* ABOUT THIS TASK *
With the pictures left out, set down the line containing "رسم بياني بحثي من Trading Central" and each line after it to the end of the material, exactly as written.

* TASK INPUT *

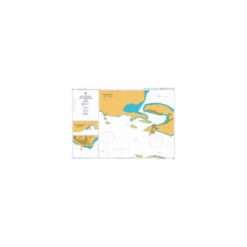 British Admiralty Nautical Chart 1598 Poros Megaron, Agios Theodhoroi and Elefsis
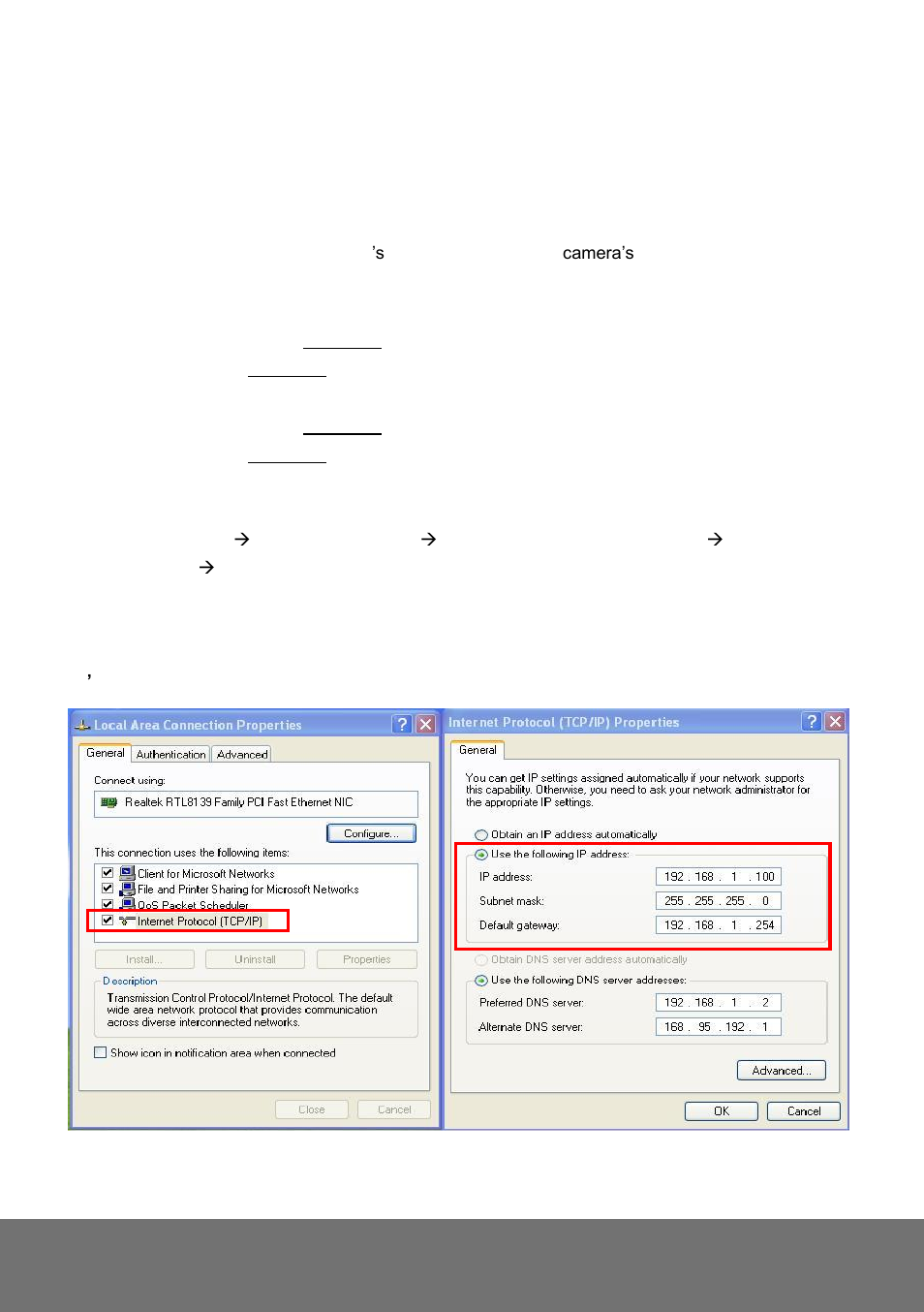 Using non-dhcp server/router network | AVer SD1306 quick guide User Manual | Page 16 / 21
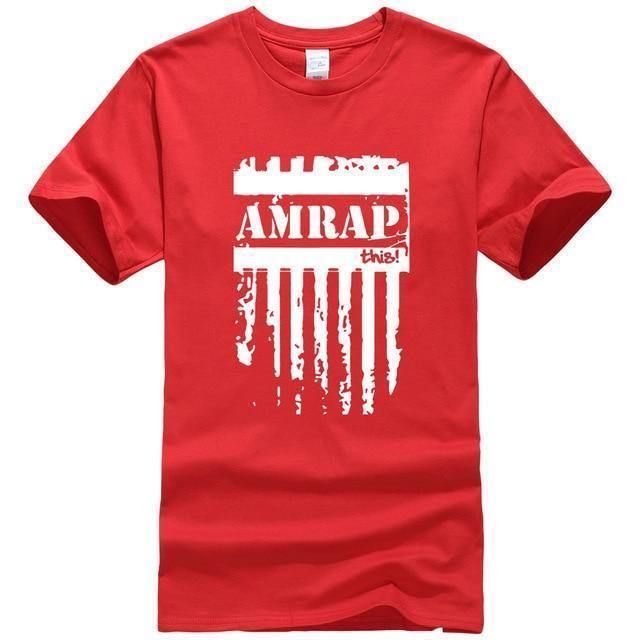 As many reps as possible CrossFit T-shirt red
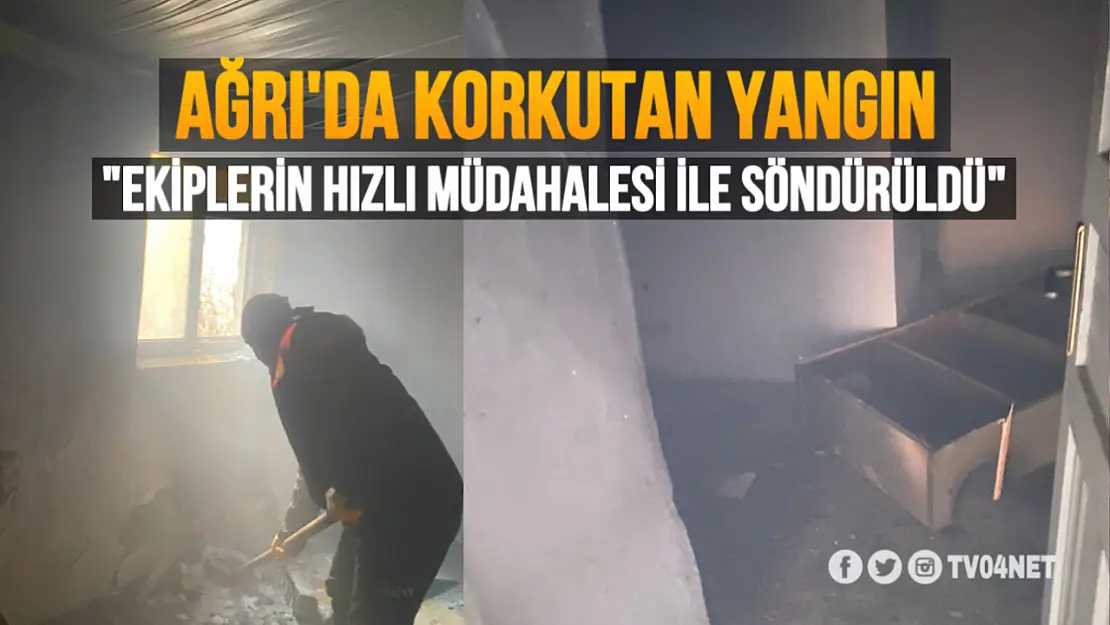 Ağrı'da Müstakil Evde Çıkan Yangın Korkuttu!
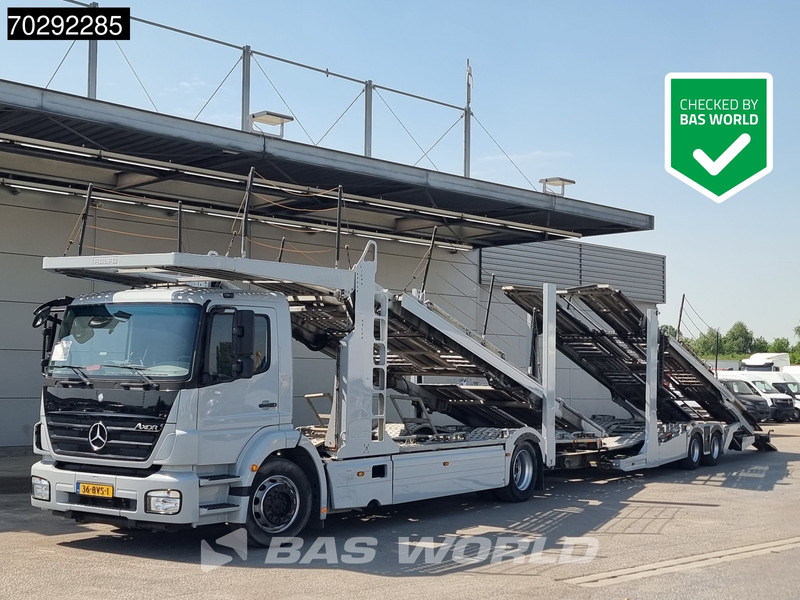 Mercedes-Benz Axor 1833 4X2 NL-Truck Rolfo car transporter Retarder 3-Pedals Euro 5 - Autotransportues: foto 1 Mercedes-Benz Axor 1833 4X2 NL-Truck Rolfo car transporter Retarder 3-Pedals Euro 5 - Autotransportues: foto 1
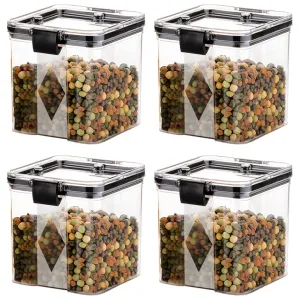 GOLWYN AirTight Kitchen Storage Container Set, Kitchen containers set, Kitchen Accessories Items For Storage Organizer(700ml, 4 pcs, Multi-Colour), Plastic
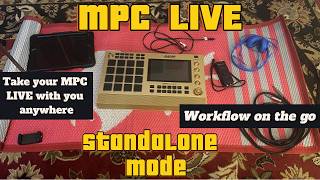 Akai MPC Live 2 in Standalone Mode | Workflow on the go - PRINCE NEGASI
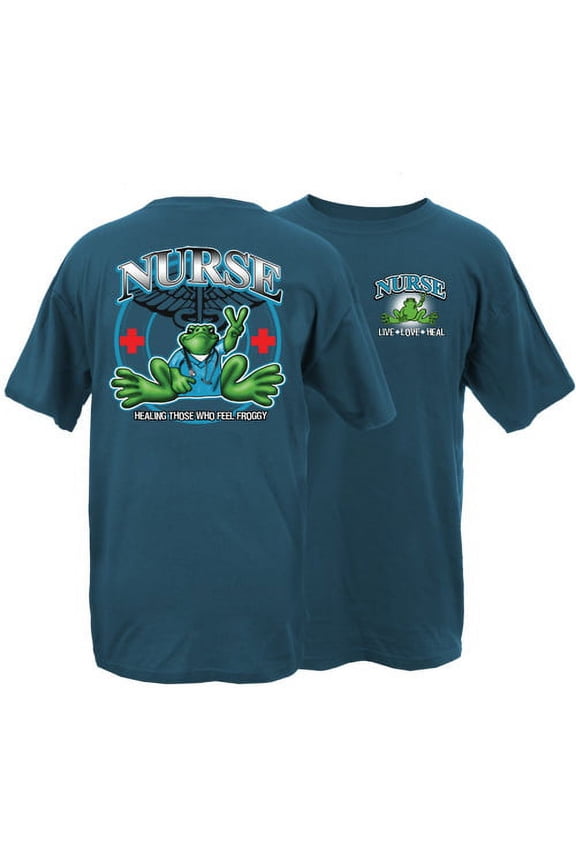 Adult Nurse Frog Short Sleeve T-Shirt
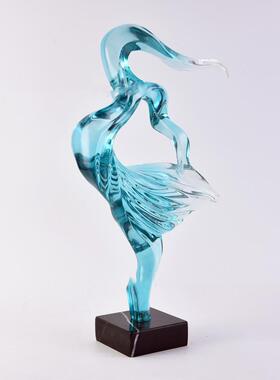 酒店大堂抽象人摆透件轻奢MC-TY-73明树脂雕塑装客厅软玄关家居工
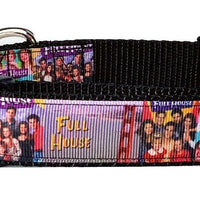 Full House Dog collar handmade adjustable buckle 1" wide or leash TV show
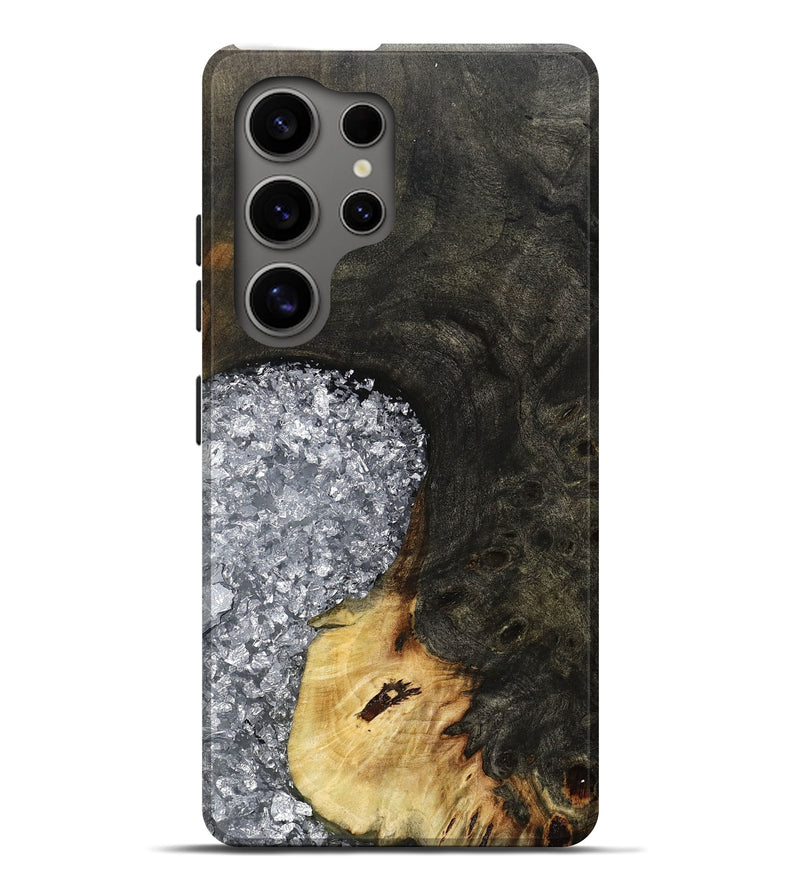 Galaxy S25 Ultra Wood Live Edge Phone Case - Darcie (Black & White, 795114)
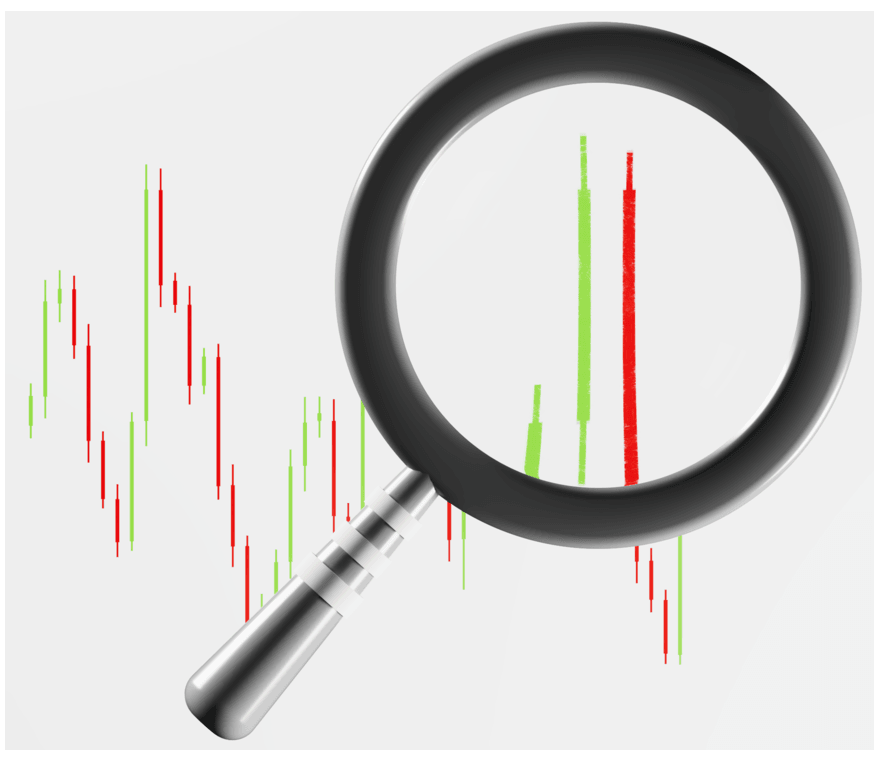 رسم بياني بحثي من Trading Central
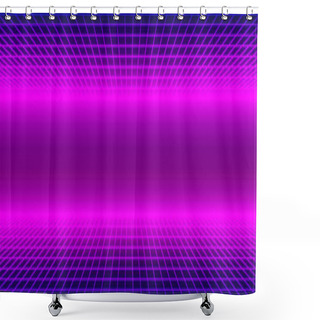 Personality  Retro 1980s Synthwave Glowing Neon Lights Plane Shower Curtains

* ANSWER SPACE *
 رسم بياني بحثي من Trading Central
 Personality  Retro 1980s Synthwave Glowing Neon Lights Plane Shower Curtains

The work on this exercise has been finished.